For many of us, an unanticipated influx of money leads to getting that remodel off the ground, paying for college, or taking that long-dreamed-of vacation. For persons with disabilities, that same influx can lead to a loss of vital public benefits. The influx means the person needs to seek legal advice on whether to establish a first-party special needs trust (SNT) or join a first-party pooled SNT. See 42 USC §1396p(d)(4)(A) or 42 USC §1396p(d)(4)(C).

Until recently, to an adult with a disability and with capacity, establishing a first-party SNT represented a loss of independence because they needed to ask a parent or grandparent to help them establish the trust. For those adults without a parent or grandparent, the adult had to engage in a convoluted and costly court process. If the adult didn’t or couldn’t involve third parties, the most likely alternative was to establish an account in a pooled SNT. This is no longer the case.

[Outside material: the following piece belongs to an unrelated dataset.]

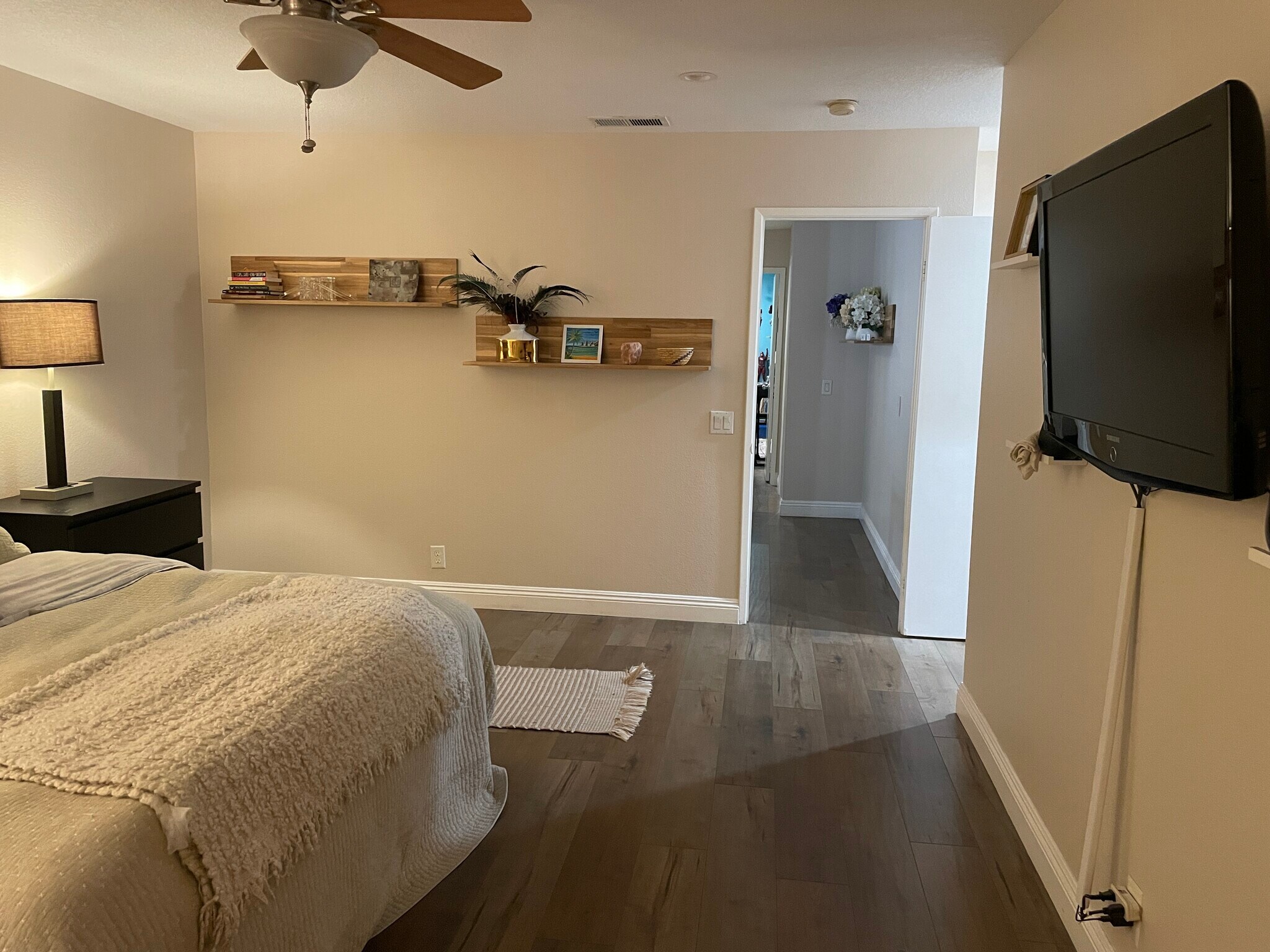 Building Photo - 19220 Index St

Under the Special Needs Trust Fairness Act (Act), as incorporated in the 21st Century Cures Act, adults with capacity can now establish their own first party SNT using their own funds. See Pub L 114–255, 130 Stat 1033 (no effect on people with disabilities who lack capacity). This change impacts how practitioners and their clients weigh the alternative approaches to sheltering assets for purposes of SSI and Medi-Cal eligibility.

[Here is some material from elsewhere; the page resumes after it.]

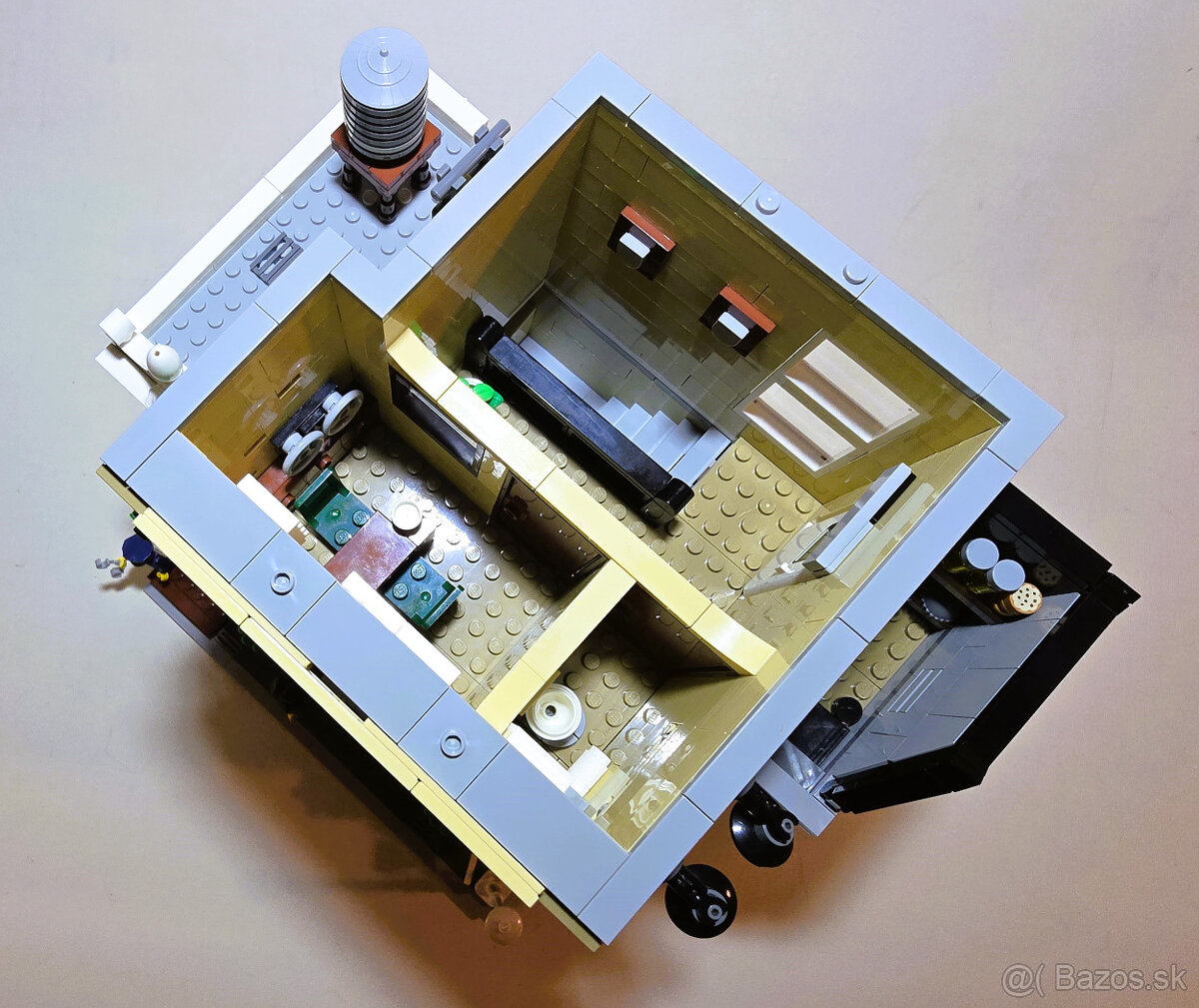 10278 LEGO Police Station - 9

As a result of the Act, should an attorney counsel adult clients with capacity to get out of the “pool”? Not without carefully considering the following factors:

  • Trustee: Regardless of who establishes the first-party SNT, the trust needs a trustee. If the trust assets are sufficiently large, a corporate trustee or professional fiduciary with SNT experience can be hired. For smaller trusts, a family member may be willing to administer the SNT without compensation, but they will likely not be as competent as the trustee of a pooled trust, because a family member trustee generally lacks the trust administration and public benefits knowledge.
  • Age: To establish a first party SNT, the person with a disability must be under 65 years old; a pooled SNT generally does not have an age limit.
  • Timeframe: Pooled SNTs are already in existence and may be joined on short notice to shelter disqualifying income or property that threatens to cause SSI or Medi-Cal ineligibility.
  • Expenses: Pooled SNTs charge trustee fees, whereas a first party SNT’s family member trustee may decline to charge a fee. Drafting and implementing a first party SNT costs more than joining an existing pooled SNT.
  • Trust Corpus Amount: With a large trust corpus (<$1,000,000), the expense of establishing the first-party SNT and paying for a corporate or professional fiduciary will not unduly diminish the corpus. With a small trust corpus, a pooled trust avoids the cost of establishing the first-party SNT, and the trust likely charges lower fees than those charged by professional fiduciaries. If the individual with a disability knows a trusted and competent person who can act as trustee for low or no cost, a first party SNT may be advisable (though see “Trustee” bullet point above).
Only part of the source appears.